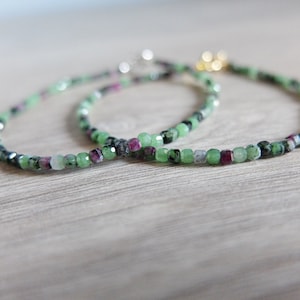 Dainty Tiny Beaded bracelet,Ruby Zoisite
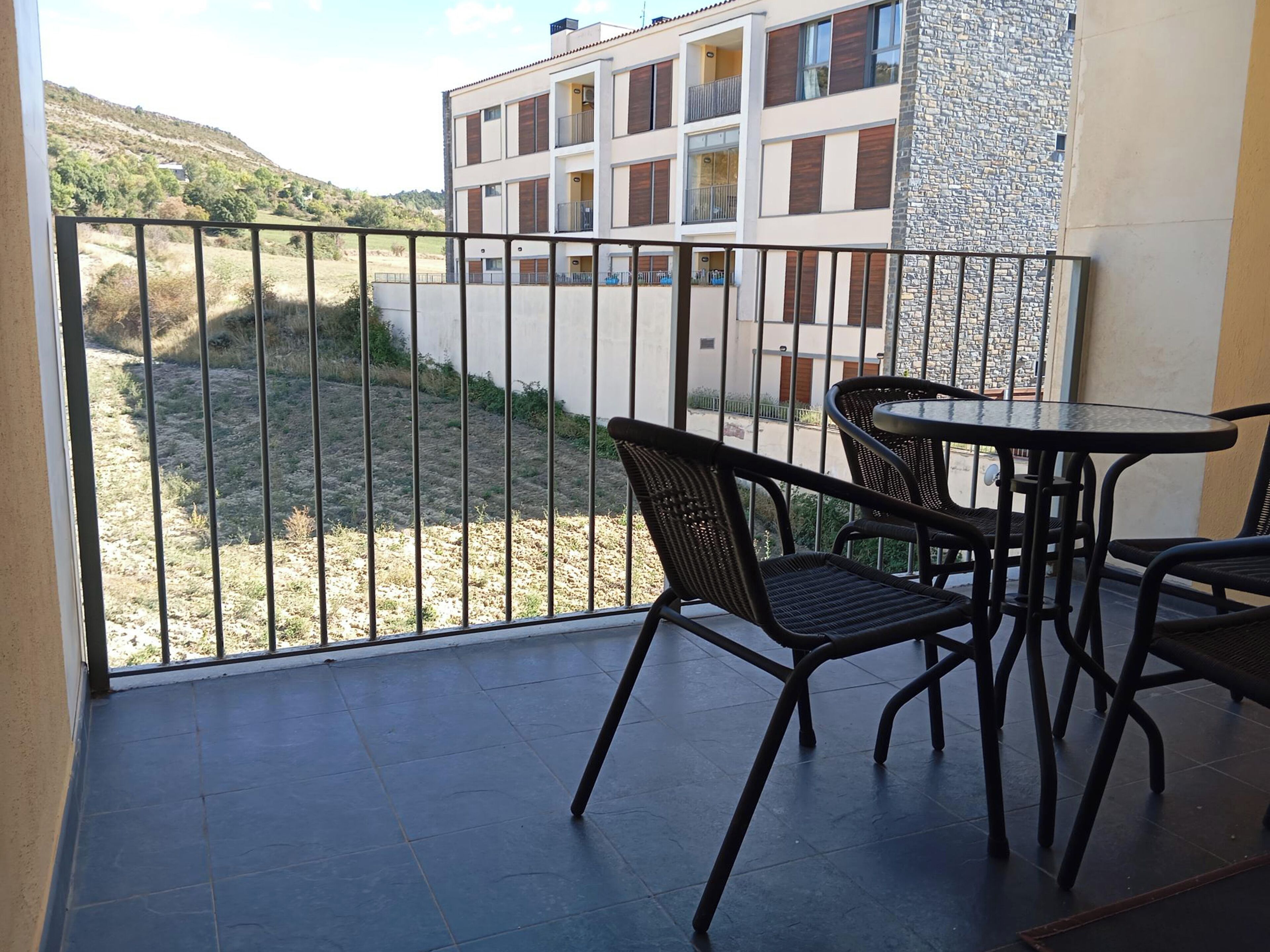 เบสิกอพาร์ทเมนท์ | ลานระเบียง/นอกชาน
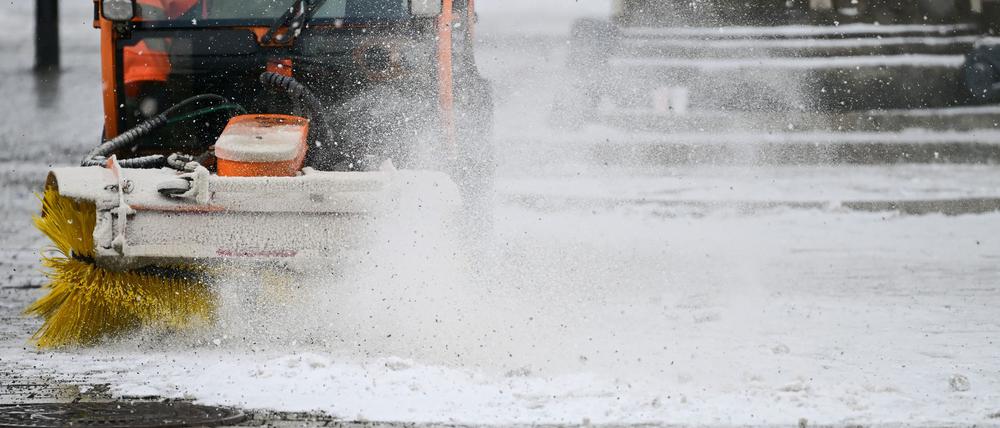 Die Straßen können wegen Schnee und Frost glatt werden.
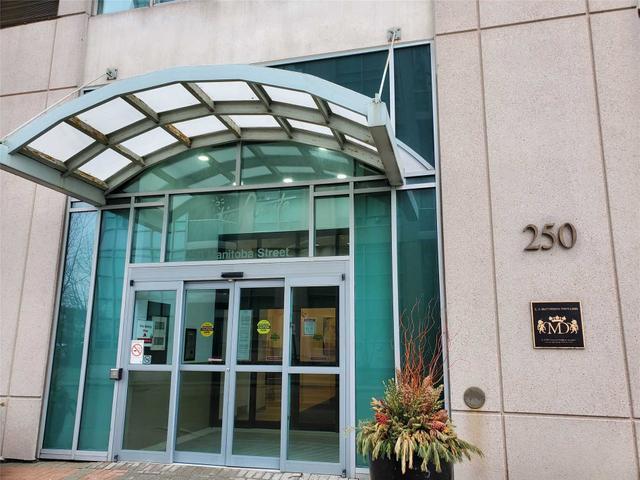 734 - 250 Manitoba St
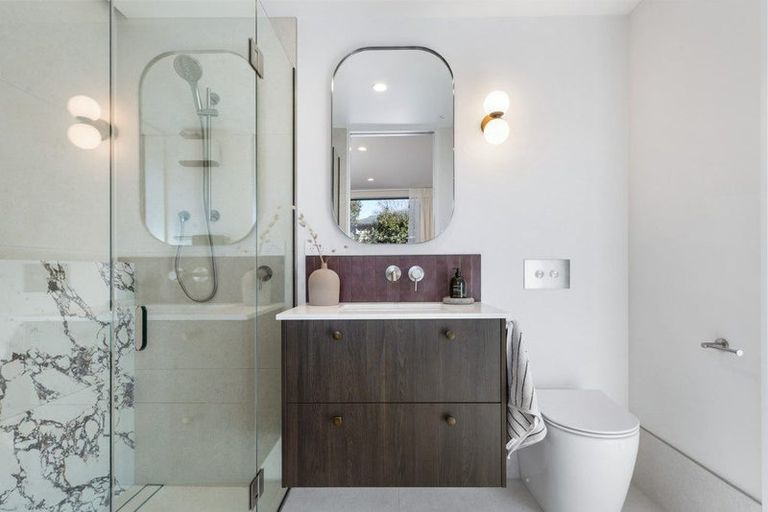 Photo of property in 15a Browns Road, Manurewa, Auckland, 2102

## Exercise
Give again, unchanged, only the lines from the line containing "Die Straßen können" to the last line of the records above. Pictures do not belong in the copy.

## Your solution
 Die Straßen können wegen Schnee und Frost glatt werden.
 734 - 250 Manitoba St
 Photo of property in 15a Browns Road, Manurewa, Auckland, 2102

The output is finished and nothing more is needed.